1. For each original vertex $v \in \mathcal{V}$, the value of vector $\mathbf{R}_{\mathrm{E}, v}$, denoted by $\mathbf{R}_{\mathrm{E}, v^{\prime}}^{0}$, is extracted from the post-layout netlist.
2. The value of the indicator function $\chi_{v}$, denoted by $\chi_{v}^{0}$, is calculated by finding the simple paths in each network.
3. By (4.72), $\mathbf{R}_{v}^{0}=\chi_{v}^{0} \cdot \mathbf{R}_{\mathbf{E}, v}^{0} ; \mathbf{R}^{0}$ is then constructed from the sub-vectors.
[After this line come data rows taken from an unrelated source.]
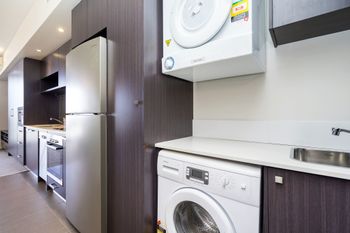 Executive Studio Inner City Apartment - Accommodation QLD 5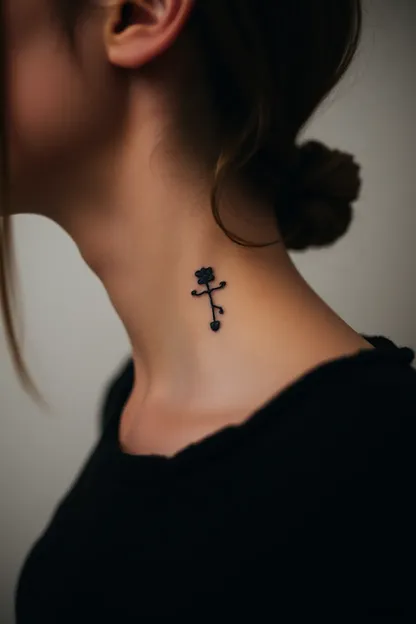 Tatuagem Pequena na Garganta da Menina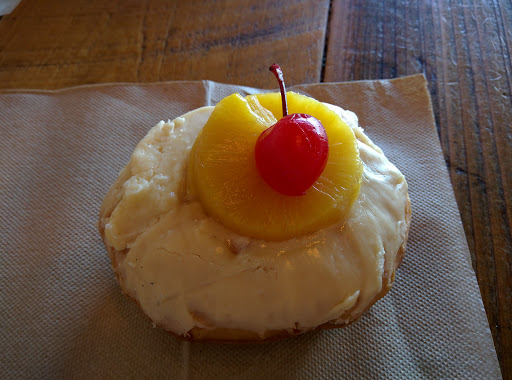 Donut Shop «Wake N Bake Donuts - Carolina Beach», reviews and photos, 1401 N Lake Park Blvd Suite 46, Carolina Beach, NC 28428, USA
Under assumption 1 and from (4.72), when solving (4.69), the degree of freedom in selecting the resistance vector $\mathbf{R}_{v}$ (and by extension the complete vector $\mathbf{R}$ ) depends on the column rank of $\chi_{v}$.
The dimensions of $\chi_{v}$ are $\left|\frac{\left|\mathbf{T}_{v}\right| \cdot\left(\left|\mathbf{T}_{v}\right|-1\right)}{2}\right| \times\left|\mathbf{E}_{v}\right|$, since $\left|\mathbf{R}_{v}\right|$ is given by (4.55) and $\left|\mathbf{R}_{\mathrm{E}, v}\right|=\left|\mathbf{E}_{v}\right|$ by definition. Maximum column rank is achieved when $\left|\mathbf{E}_{v}\right|$ is maximized and the column vectors are linearly independent. Lemma 4.1 below finds the tree with the maximum number of edges for a fixed number of terminal vertices $\mathbf{T}_{v}$.
Lemma 4.1. Given a fixed vector of terminals $\mathbf{T}_{v}$, such that $\left|\mathbf{T}_{v}\right| \geq 1$, satisfying (4.44), and zero or more internal vertices $\mathbf{U}_{v}$ satisfying (4.45), the maximum possible number of edges, $\left|\mathbf{E}_{v}\right|$, that a tree with vertices $\left[\mathbf{T}_{v}^{T} ; \mathbf{U}_{v}^{T}\right]^{T}$ can have is $\left|\mathbf{E}_{v, \max }\right|=2\left|\mathbf{T}_{v}\right|-3$; this is achieved when the number of internal vertices, $\mathbf{U}_{v}$, is maximized, furthermore, $\left|\mathbf{U}_{v, \text { max }}\right|=\left|\mathbf{T}_{v}\right|-2$.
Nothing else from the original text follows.